谷文肖
摘 要:白族是我國西南邊疆少數(shù)民族之一,至今保留著大量蛇崇拜的遺跡,蛇形飾品也被廣泛應用于現(xiàn)實生活中。文章采用民族學田野調(diào)查法,從白族蛇崇拜到龍蛇互化再到龍崇拜,對白族蛇崇拜進行淺顯的研究。
關鍵詞:蛇;崇拜;互化;遺跡
1 白族蛇崇拜意識的來源
白族是我國少數(shù)民族之一,漢晉時期被稱作“昆明”。《說文解字》載:“昆,同也,從曰從比。”《說文解字注》:“昆、小蟲。昆者、眾也。”唐代稱白族為“白蠻”。蠻,《說文解字》釋為“南蠻,蛇種。從蟲蠻聲”。從昆(小蟲)到蠻(蛇種)的演變并不是對白族的歧視,而是對白族生存環(huán)境的深入認知。梅偉蘭在《試論黎族的蛇圖騰崇拜》①中認為海南黎族以蛇為圖騰與其生存自然環(huán)境有關。李海林在《試論高山族蛇圖騰崇拜》②中認為高山族蛇圖騰文化是對古越蛇圖騰文化的深化和發(fā)展。明《長溪瑣語》載:“福州水口……有蛇數(shù)百,夏秋之間賽蛇神一次。”現(xiàn)今漳州文峰鎮(zhèn)還保留著過“蛇節(jié)”的風俗。彝族、高山族、古百越、福州等地都流傳著蛇崇拜的記載,白族與這些地方大致處于同一緯度線上,且生存環(huán)境相似,山多林密,氣候溫和,宜于蛇生存。人類在這樣的生存環(huán)境中往往處于劣勢,人和牲畜常會遭到蛇的攻擊。《收蛇穴》③記載大理地區(qū)有一種烏梢蛇常危害人們的生命,人們喊天不應、叫地不靈。由于蛇給人們的生活帶來了威脅,使人們產(chǎn)生一種敬畏感,人們認為與其畏蛇不如敬蛇,并且希望通過對蛇的崇拜,與蛇歸屬一類,來得到蛇的保護,崇蛇的意識也就隨之而生。

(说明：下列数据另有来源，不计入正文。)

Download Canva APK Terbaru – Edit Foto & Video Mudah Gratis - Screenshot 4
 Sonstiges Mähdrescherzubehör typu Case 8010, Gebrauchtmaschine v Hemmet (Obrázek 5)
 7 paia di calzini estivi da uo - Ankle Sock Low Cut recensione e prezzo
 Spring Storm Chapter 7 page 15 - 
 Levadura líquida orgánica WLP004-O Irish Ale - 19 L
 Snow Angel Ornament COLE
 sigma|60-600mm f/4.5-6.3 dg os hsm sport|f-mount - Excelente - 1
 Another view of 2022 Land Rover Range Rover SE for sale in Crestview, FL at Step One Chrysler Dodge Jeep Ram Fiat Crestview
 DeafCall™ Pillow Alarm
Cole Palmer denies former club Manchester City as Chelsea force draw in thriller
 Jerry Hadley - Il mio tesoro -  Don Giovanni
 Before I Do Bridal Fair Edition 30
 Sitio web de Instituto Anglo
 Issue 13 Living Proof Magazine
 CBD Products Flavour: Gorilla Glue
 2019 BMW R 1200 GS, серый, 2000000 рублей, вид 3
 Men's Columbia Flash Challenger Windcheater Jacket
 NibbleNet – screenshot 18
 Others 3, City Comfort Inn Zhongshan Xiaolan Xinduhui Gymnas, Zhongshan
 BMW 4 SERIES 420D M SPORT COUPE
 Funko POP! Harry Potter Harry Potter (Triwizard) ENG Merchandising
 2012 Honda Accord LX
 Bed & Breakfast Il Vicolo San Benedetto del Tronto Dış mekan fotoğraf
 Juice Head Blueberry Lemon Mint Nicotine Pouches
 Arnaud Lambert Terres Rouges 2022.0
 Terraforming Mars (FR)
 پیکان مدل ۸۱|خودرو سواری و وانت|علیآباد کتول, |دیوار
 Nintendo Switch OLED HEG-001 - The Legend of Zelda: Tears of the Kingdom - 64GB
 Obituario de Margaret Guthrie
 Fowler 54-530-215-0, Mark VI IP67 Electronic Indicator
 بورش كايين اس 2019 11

《氏族來源的傳說》載:“古代洪水泛濫,地上的人都被淹死,只剩下雙基和雙撒兄妹,為了人類的繁衍生息,兄妹結為夫妻,生五女,五女長大后,分別遭到熊、虎、蛇、老鼠和毛蟲的威脅,被迫嫁于它們。與蛇結合的女兒發(fā)展成為‘蛇氏族。”④蛇氏族是白族的一個支系。此外白族支系勒墨還保留著“蛇日祭”的習俗⑤,即在新年第一天由家族長者充當祭師主持隆重的祭祀祖先與祀蛇儀式,祈求新的一年家人清吉平安、農(nóng)業(yè)豐收、六畜興旺……傳說是通過口耳相傳方式記錄歷史和生活中發(fā)生的事。《氏族來源的傳說》是人們對洪水災難與野獸威脅的客觀事實添加想象的成分勾勒出來的。
2 龍與蛇的互化
南北朝時期,漢族人口不斷向西南地區(qū)遷移,漢文化也被帶到了白族地區(qū),先進的生產(chǎn)方式促進了白族經(jīng)濟的發(fā)展,也促使白族向漢族學習。龍文化是漢文化的一種,自然是學習的一部分。但白族有崇蛇的觀念,龍崇拜與蛇崇拜發(fā)生沖突,因此這一時期龍在白族人的心目中并不完全是為民除惡、善良的形象。例如,《小黃龍》載:“一位姑娘吃了一個桃子,懷孕生子,嬰兒喝蟒蛇奶長大,孩子三歲化身小黃龍與洱海大黑龍相斗,降服大黑龍,自己化龍卻嚇死母親,又化身成蛇漂到豐樂亭,人們在此建龍王廟紀念他。”⑥大黑龍作惡多端,小黃龍為民除害,這是龍的兩種矛盾的形象。小黃龍化龍卻嚇死母親,說明龍的形象還不能被白族人完全接受。最終小黃龍又化身成蛇,回歸到傳統(tǒng)的蛇崇拜。這種龍蛇互化的結果是學習漢文化的表現(xiàn),既展現(xiàn)了漢族的龍文化又保留了自己民族的原始蛇崇拜。故事中小黃龍戰(zhàn)勝大黑龍,以弱勝強;人們最終以龍的身份為其建龍王廟,隱含著漢文化進入白族地區(qū)的必然性。《青龍?zhí)丁份d:“青龍幻化成人與普通人無異,化成龍后只是比蛇多一對角,凡人見龍同樣會被嚇死,但卻無法變回人身,最后定格為龍身。”①《龍公主阿妹》載:“阿金救了兩條有龍化身的蛇,得到龍王的賞賜,與龍王成了朋友,又娶了龍王的女兒,過上幸福的生活。”此時期龍的形象是多樣的,龍崇拜不能被人們完全認可,處于一種模糊的狀態(tài),但預示的結果是美好的,建龍王廟、與龍公主成婚等,都預示著龍的形象會被白族所接受。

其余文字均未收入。